Department of Energy expands SunShot program
The SunShot Initiative, a Department of Energy program aimed at lowering solar prices for utility, commercial, and residential solar has reached its 2020 utility-scale cost goal three years early. The program aimed to lower utility-scale solar costs to $0.06/kilowatt-hour (kWh), translating to under $1 per watt by 2020, and has achieved that goal in 2017.
In light of their success, the Department of Energy has announced new goals and funding through the SunShot Initiative. The new utility-scale target price is $0.03/kWh by 2030, accompanied by new cost goals for commercial solar ($0.04/kWh) and residential solar ($0.05/kWh) within the same timeframe. For reference, the current price for commercial solar is around $0.11/kWh, and residential solar sits at about $0.16/kWh.
Funding for research in concentrating solar power has been announced at $62 million, with an additional $20 million for “early-stage power electronic projects”. The Department of Energy has shown an interest in grid stabilization and reliability, and the new funding available for solar projects will likely contribute to shoring up the grid.

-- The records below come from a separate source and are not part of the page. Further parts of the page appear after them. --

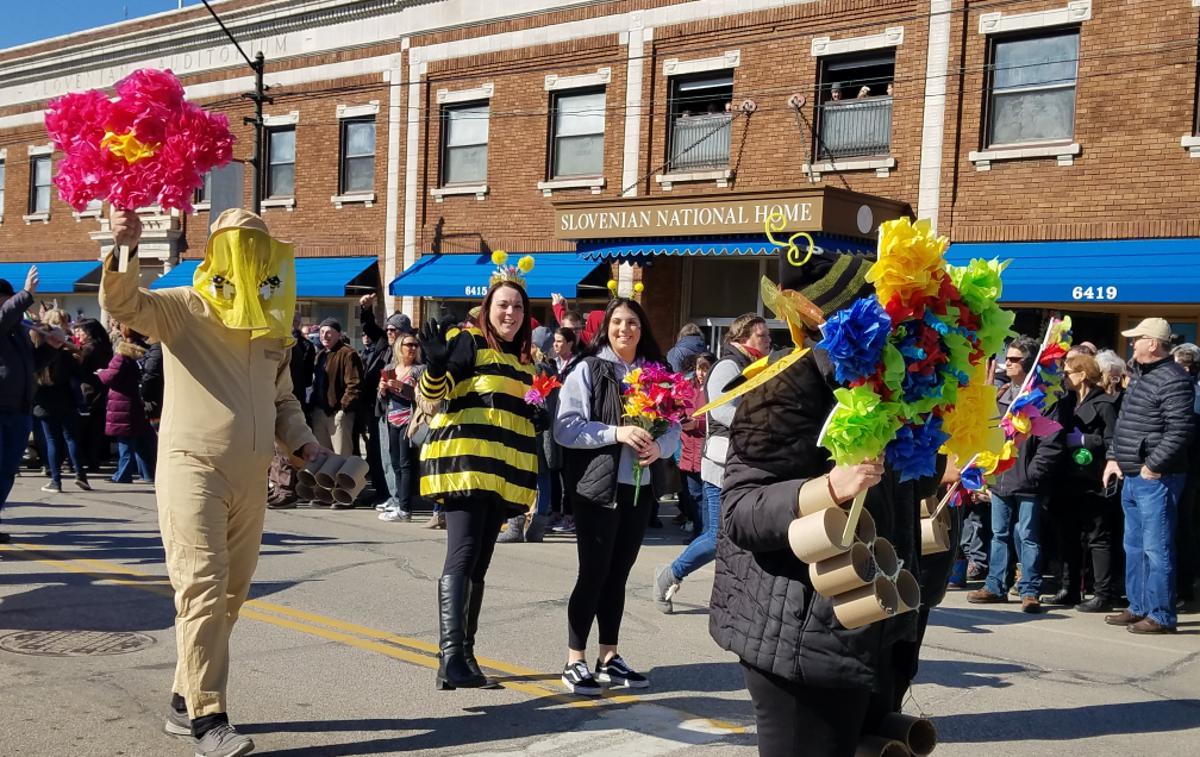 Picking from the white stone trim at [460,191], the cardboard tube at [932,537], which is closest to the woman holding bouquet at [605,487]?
the cardboard tube at [932,537]

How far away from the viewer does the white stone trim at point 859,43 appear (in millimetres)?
16781

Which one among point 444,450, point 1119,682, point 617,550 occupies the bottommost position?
point 1119,682

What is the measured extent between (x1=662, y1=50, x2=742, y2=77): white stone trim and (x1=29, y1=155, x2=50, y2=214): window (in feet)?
61.4

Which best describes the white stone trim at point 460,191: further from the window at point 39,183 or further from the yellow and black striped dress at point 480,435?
the yellow and black striped dress at point 480,435

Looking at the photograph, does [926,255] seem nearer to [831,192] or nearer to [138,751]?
[138,751]

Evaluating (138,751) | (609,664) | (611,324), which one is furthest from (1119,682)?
(138,751)

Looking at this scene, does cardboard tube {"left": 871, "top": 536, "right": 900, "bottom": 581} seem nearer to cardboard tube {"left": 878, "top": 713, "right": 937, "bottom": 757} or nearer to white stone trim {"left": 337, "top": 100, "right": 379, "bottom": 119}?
cardboard tube {"left": 878, "top": 713, "right": 937, "bottom": 757}

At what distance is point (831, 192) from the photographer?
1565 centimetres

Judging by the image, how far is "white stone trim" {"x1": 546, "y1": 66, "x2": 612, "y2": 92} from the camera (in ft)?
65.7

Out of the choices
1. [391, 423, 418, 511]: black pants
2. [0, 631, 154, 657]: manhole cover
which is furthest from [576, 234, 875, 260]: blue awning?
[0, 631, 154, 657]: manhole cover

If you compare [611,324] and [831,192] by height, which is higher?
[831,192]

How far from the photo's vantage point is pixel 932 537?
12.9ft

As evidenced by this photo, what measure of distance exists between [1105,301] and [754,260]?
6170mm

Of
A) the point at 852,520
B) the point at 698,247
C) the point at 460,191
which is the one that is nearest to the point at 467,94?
the point at 460,191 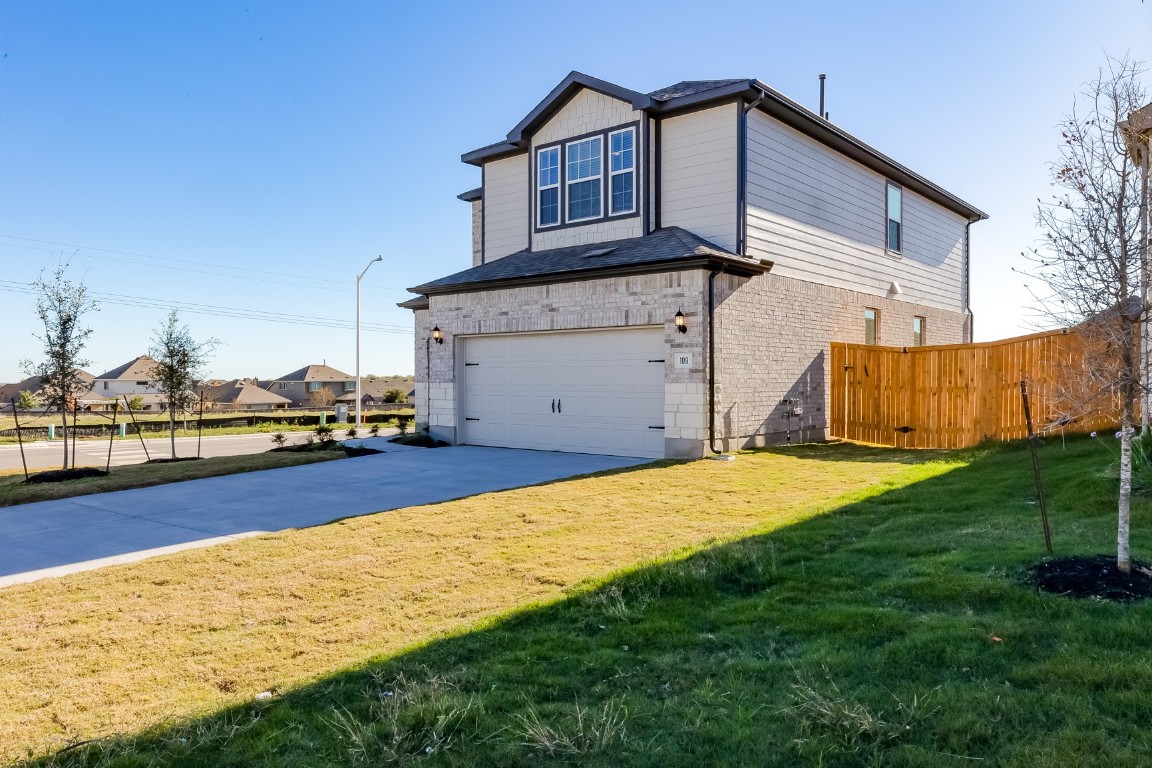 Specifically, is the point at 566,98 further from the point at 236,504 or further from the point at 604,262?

Salt Lake City doubles municipal solar buildings
This week, Salt Lake City Mayor Jackie Biskupski announced that the city has doubled the number of municipal buildings with installed solar panels. With a total of 756 panels installed at city facilities, the city expects electricity equivalent to burning 8 million pounds of coal to be produced over the 25-year warrantied lifespan of their panels.
Biskupski alluded to the city’s goal of 100% renewable energy in an interview about the achievement. Currently, Salt Lake City expects to meet about 12 percent of their municipal energy needs through both their solar panel installations and their enrollment in Rocky Mountain Power’s solar program.
Solar windows inch towards reality
A recent development by SolarWindow Technologies could lead to usable solar window technology in the near future. SolarWindow has developed a special coating for glass windows which converts energy from the sun directly into electricity, which the company says could reduce the electricity needs of large buildings by up to 50 percent.
SolarWindow has a deal with the glass fabricator Triview Glass Industries to make their solar windows at a large scale, potentially bringing solar windows into a reasonable price range for consumers. “Now, our goals are to turn those inventions into fabricated commercial products and bring those products to market in order to turn entire buildings into vertical power generators,” says the President and CEO of SolarWindow Technologies, John Conklin.